● **Exercise directions**
The full set of records is to be reproduced verbatim.

● **Extracted records**

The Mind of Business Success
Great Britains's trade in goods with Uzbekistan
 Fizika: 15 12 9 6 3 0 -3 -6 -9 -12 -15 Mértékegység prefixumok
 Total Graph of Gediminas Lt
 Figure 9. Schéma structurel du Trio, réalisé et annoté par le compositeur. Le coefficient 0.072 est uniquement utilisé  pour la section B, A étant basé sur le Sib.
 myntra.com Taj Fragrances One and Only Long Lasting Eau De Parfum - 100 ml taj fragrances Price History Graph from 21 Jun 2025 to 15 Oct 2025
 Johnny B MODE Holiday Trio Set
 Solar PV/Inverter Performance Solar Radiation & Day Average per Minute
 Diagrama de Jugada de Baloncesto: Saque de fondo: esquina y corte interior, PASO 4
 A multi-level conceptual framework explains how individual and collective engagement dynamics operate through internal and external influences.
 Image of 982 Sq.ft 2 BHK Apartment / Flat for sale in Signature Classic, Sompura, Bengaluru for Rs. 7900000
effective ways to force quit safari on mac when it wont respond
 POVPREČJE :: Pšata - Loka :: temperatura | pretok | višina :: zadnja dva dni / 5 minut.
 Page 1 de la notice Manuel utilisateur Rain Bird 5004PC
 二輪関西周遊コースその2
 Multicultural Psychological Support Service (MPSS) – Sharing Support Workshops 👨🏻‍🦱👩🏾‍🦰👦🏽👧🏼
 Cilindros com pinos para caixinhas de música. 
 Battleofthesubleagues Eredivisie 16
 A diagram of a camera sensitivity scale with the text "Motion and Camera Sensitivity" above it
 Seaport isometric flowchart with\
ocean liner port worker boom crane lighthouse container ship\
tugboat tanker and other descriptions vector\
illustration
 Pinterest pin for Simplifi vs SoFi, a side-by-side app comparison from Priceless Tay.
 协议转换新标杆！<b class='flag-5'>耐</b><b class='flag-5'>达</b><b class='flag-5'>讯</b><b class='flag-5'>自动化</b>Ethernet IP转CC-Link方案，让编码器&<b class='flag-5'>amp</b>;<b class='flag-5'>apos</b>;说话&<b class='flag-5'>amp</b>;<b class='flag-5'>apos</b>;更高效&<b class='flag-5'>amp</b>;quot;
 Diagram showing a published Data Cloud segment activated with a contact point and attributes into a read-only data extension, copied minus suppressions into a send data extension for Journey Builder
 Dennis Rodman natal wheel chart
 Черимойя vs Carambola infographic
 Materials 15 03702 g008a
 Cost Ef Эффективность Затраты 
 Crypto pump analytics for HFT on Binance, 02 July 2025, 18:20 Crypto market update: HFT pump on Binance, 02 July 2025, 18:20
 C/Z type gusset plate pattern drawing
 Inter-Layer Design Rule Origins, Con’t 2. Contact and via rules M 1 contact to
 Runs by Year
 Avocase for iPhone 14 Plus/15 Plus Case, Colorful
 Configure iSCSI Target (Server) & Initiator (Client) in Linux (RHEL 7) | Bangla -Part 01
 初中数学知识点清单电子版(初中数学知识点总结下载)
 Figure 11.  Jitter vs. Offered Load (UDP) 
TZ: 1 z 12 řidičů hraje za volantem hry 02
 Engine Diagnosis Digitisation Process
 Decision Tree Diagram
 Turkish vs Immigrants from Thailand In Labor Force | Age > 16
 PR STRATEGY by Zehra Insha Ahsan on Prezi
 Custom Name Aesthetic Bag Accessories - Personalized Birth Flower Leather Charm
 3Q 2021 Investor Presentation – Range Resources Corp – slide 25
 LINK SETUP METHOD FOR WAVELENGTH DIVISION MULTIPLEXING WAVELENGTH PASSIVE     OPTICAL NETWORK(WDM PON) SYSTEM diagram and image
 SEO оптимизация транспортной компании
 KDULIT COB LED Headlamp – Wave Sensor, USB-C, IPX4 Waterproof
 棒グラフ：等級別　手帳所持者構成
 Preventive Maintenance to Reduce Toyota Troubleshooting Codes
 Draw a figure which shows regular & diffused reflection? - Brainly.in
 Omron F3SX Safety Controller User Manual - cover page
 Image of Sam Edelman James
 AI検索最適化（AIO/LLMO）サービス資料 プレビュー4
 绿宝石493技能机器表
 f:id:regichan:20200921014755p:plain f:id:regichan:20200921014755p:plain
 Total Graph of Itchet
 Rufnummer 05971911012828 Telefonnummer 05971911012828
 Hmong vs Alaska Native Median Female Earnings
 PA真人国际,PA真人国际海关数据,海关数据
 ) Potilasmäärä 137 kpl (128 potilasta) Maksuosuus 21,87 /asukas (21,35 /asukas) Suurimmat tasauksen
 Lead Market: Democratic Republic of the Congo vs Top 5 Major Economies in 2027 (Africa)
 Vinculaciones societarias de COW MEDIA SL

● **Output below**
The Mind of Business Success
Great Britains's trade in goods with Uzbekistan
 Fizika: 15 12 9 6 3 0 -3 -6 -9 -12 -15 Mértékegység prefixumok
 Total Graph of Gediminas Lt
 Figure 9. Schéma structurel du Trio, réalisé et annoté par le compositeur. Le coefficient 0.072 est uniquement utilisé  pour la section B, A étant basé sur le Sib.
 myntra.com Taj Fragrances One and Only Long Lasting Eau De Parfum - 100 ml taj fragrances Price History Graph from 21 Jun 2025 to 15 Oct 2025
 Johnny B MODE Holiday Trio Set
 Solar PV/Inverter Performance Solar Radiation & Day Average per Minute
 Diagrama de Jugada de Baloncesto: Saque de fondo: esquina y corte interior, PASO 4
 A multi-level conceptual framework explains how individual and collective engagement dynamics operate through internal and external influences.
 Image of 982 Sq.ft 2 BHK Apartment / Flat for sale in Signature Classic, Sompura, Bengaluru for Rs. 7900000
effective ways to force quit safari on mac when it wont respond
 POVPREČJE :: Pšata - Loka :: temperatura | pretok | višina :: zadnja dva dni / 5 minut.
 Page 1 de la notice Manuel utilisateur Rain Bird 5004PC
 二輪関西周遊コースその2
 Multicultural Psychological Support Service (MPSS) – Sharing Support Workshops 👨🏻‍🦱👩🏾‍🦰👦🏽👧🏼
 Cilindros com pinos para caixinhas de música. 
 Battleofthesubleagues Eredivisie 16
 A diagram of a camera sensitivity scale with the text "Motion and Camera Sensitivity" above it
 Seaport isometric flowchart with\
ocean liner port worker boom crane lighthouse container ship\
tugboat tanker and other descriptions vector\
illustration
 Pinterest pin for Simplifi vs SoFi, a side-by-side app comparison from Priceless Tay.
 协议转换新标杆！<b class='flag-5'>耐</b><b class='flag-5'>达</b><b class='flag-5'>讯</b><b class='flag-5'>自动化</b>Ethernet IP转CC-Link方案，让编码器&<b class='flag-5'>amp</b>;<b class='flag-5'>apos</b>;说话&<b class='flag-5'>amp</b>;<b class='flag-5'>apos</b>;更高效&<b class='flag-5'>amp</b>;quot;
 Diagram showing a published Data Cloud segment activated with a contact point and attributes into a read-only data extension, copied minus suppressions into a send data extension for Journey Builder
 Dennis Rodman natal wheel chart
 Черимойя vs Carambola infographic
 Materials 15 03702 g008a
 Cost Ef Эффективность Затраты 
 Crypto pump analytics for HFT on Binance, 02 July 2025, 18:20 Crypto market update: HFT pump on Binance, 02 July 2025, 18:20
 C/Z type gusset plate pattern drawing
 Inter-Layer Design Rule Origins, Con’t 2. Contact and via rules M 1 contact to
 Runs by Year
 Avocase for iPhone 14 Plus/15 Plus Case, Colorful
 Configure iSCSI Target (Server) & Initiator (Client) in Linux (RHEL 7) | Bangla -Part 01
 初中数学知识点清单电子版(初中数学知识点总结下载)
 Figure 11.  Jitter vs. Offered Load (UDP) 
TZ: 1 z 12 řidičů hraje za volantem hry 02
 Engine Diagnosis Digitisation Process
 Decision Tree Diagram
 Turkish vs Immigrants from Thailand In Labor Force | Age > 16
 PR STRATEGY by Zehra Insha Ahsan on Prezi
 Custom Name Aesthetic Bag Accessories - Personalized Birth Flower Leather Charm
 3Q 2021 Investor Presentation – Range Resources Corp – slide 25
 LINK SETUP METHOD FOR WAVELENGTH DIVISION MULTIPLEXING WAVELENGTH PASSIVE     OPTICAL NETWORK(WDM PON) SYSTEM diagram and image
 SEO оптимизация транспортной компании
 KDULIT COB LED Headlamp – Wave Sensor, USB-C, IPX4 Waterproof
 棒グラフ：等級別　手帳所持者構成
 Preventive Maintenance to Reduce Toyota Troubleshooting Codes
 Draw a figure which shows regular & diffused reflection? - Brainly.in
 Omron F3SX Safety Controller User Manual - cover page
 Image of Sam Edelman James
 AI検索最適化（AIO/LLMO）サービス資料 プレビュー4
 绿宝石493技能机器表
 f:id:regichan:20200921014755p:plain f:id:regichan:20200921014755p:plain
 Total Graph of Itchet
 Rufnummer 05971911012828 Telefonnummer 05971911012828
 Hmong vs Alaska Native Median Female Earnings
 PA真人国际,PA真人国际海关数据,海关数据
 ) Potilasmäärä 137 kpl (128 potilasta) Maksuosuus 21,87 /asukas (21,35 /asukas) Suurimmat tasauksen
 Lead Market: Democratic Republic of the Congo vs Top 5 Major Economies in 2027 (Africa)
 Vinculaciones societarias de COW MEDIA SL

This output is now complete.